A month-to-month agreement renews at each month's end. In this case, you are able to raise the rent in the shortest notice of 15 days. The laws in Florida regulate the rules for notice delivery, though. You need to mail or personally deliver the rent increase notice. If your tenant isn't at the property, you can post the notice at the property.
Remember that your tenants may reject the rent increase. In this case, they can remain there until the tenancy ends. The tenants just need to properly pay the current rent.
Another aspect is the rent increase that falls under discriminatory or retaliatory reasons. For example, retaliatory reasons include raising the rent because your tenant requests maintenance. Or they report any code violations. Rent isn't a tool for getting revenge.
Discriminatory practices are a serious problem.
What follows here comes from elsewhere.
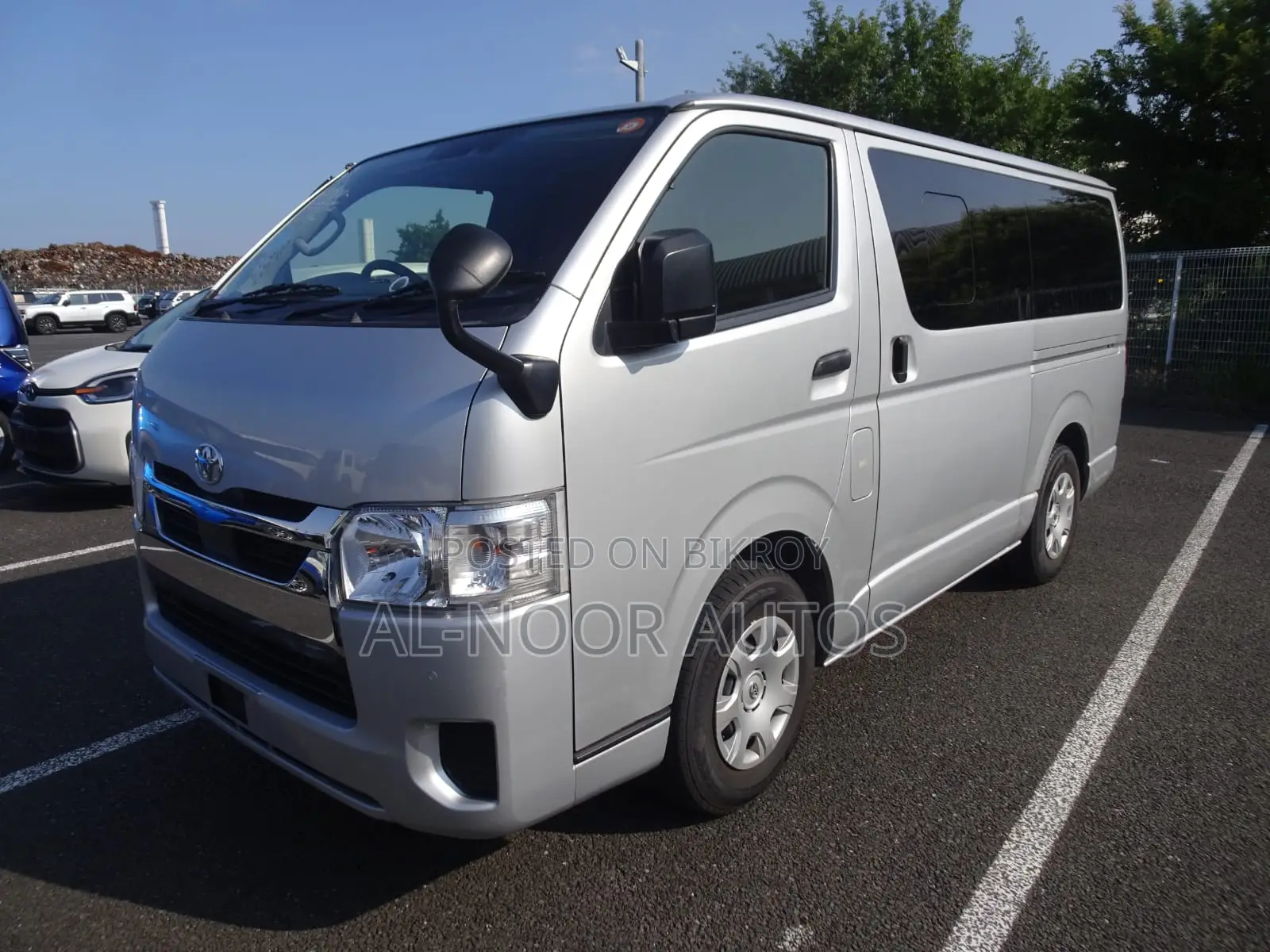 Toyota HiAce 2022 Silver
You have to make sure that you don't raise the rent for the following reasons:
- Having underage children
- Marital status
- Mental or physical differences
- Military discharge (the unfavorable kind)
- Sexual orientation
- Race, ancestry, or national origin
Consider looking at the Fair Housing Act more thoroughly to avoid legal problems in the future.
Which improvements call for a rent increase?
Improvements on the property give a solid base for rent increase.
Appliances and services
Leasing appliances appeals to many tenants. For example, you could lease an oven, washer, or even a TV-set. Some landlords offer to include services in rent as well. These could include a landline phone and cable TV. Taking care of them as a bundle saves your tenant's time and makes their life easier.
Do you have a large unit?
Sometimes you are able to divide your property into multiple units. You can have a mix of short-term and long-term rental units.
Fresh paint? Brand new fixtures?
Improvements like these may seem basic but if the simple upgrades enhance the tenants' living experience, it's a reason to raise the rent.
How much should you raise the rent?
There are many approaches to tackling this question:
What's the return you want to get on the rental property investment?
How much are your annual expenses?
It is recommended to put all the data on a spreadsheet to help you come up with answers to the previous questions. Plug-in various monthly rent options to see how these play out.
Do a lot of research before setting the rent price. Browse online real estate rental sites to see prices for your property's location. It's useful to chat with the other landlords as well. Knowing the current market conditions is essential.
It's better to start high than low. You can always adjust your rent when you find out that it's too high for the market.
But it's not something you could do the other way around. If your price is too low to start with, then you won't get a chance to increase the price.
The bottom line: raising the rent on your Miami rental property
There are many reasons why you should raise the rent of your Miami rental property. Increasing expenses and investments in improvements stand for solid reasons.
Factor in the expenses and expected return. Do adequate research to ensure your rental price reflects the current market. It's always better to start high and negotiate the price down. It doesn't work the other way around.